Mamih terus saja melanjutkan sesi interviewnya. Aku dan Theo saling melirik satu sama lain, tak bisa menahan tawa. Bibi dateng membawakan makan malam kami.

"Bibi sekalian makan juga, sinii." ajak ku pada bibi, biasanya bibi makan bersama kami.

"Bibi nanti aja, masih kenyang." jawab bibi lalu kembali ke dapur.

"Ayo makan Tyo." Mamih menawarkan.

"Iya tante, makasih." senyum super manis terukir di bibirnya.

"Kalo dirumah tante, makanannya ga pernah pedes. Soalnya Sandra ga mau makan kalo ada cabenya."

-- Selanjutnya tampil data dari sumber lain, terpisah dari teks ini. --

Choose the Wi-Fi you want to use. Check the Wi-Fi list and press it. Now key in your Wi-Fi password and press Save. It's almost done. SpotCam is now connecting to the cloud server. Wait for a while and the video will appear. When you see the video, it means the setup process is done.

"Ih Mamih, gausah dikasih tau." rengek ku.

"Kenapa emangnya?"

"Gausah aja, udah." aku menatap tajam ke balok es jadi-jadian itu.

"Gimana sekolahnya? Nyaman gak di Jakarta?"

"Baik tante, masih harus beradaptasi tapi"

"Lama-lama nanti juga terbiasa, Sandra gimana dikelas? Suka ngobrol ya pasti."

"Enggak kok tante, baik-baik aja. Sandra duduk di belakang aku."

"Ohh, Tyo duduk di bangkunya Bram? Ya kan sandra?"

"Mih, dia mau makan, jangan di ajak ngobrol mulu."

"Aduh Mamih keterusan. Maaf ya Tyo."

"Gapapa kok tante."

Makan malam kali ini berubah jadi ajang tanya jawab Mamih dengan Tyo. Setelah selesai makan malam, Tyo langsung izin pamit pulang. Katanya gak enak udah malem, padahal baru jam 7.

Aku mengantar Tyo sampai gerbang depan. "Gue pulang dulu." pamitnya.

"Iya" lalu motornya berlalu pergi. Aku menarik nafas panjang menikmati udara malam ini.

Aku mendengar suara motornya kembali, benar saja, dia muncul lagi. "Kenapa? Ada yang ketinggalan."

"Kalo nanti gue nelfon lo, boleh?"

Aku cukup terkejut dengan pertanyaannya barusan, "Boleh," jawab ku, dan untuk pertama kalinya aku melihat senyumnya, untuk ku.

Motornya melaju pergi. Aku berlari menuju kamar ku dengan sejuta kupu-kupu dalam perut ku.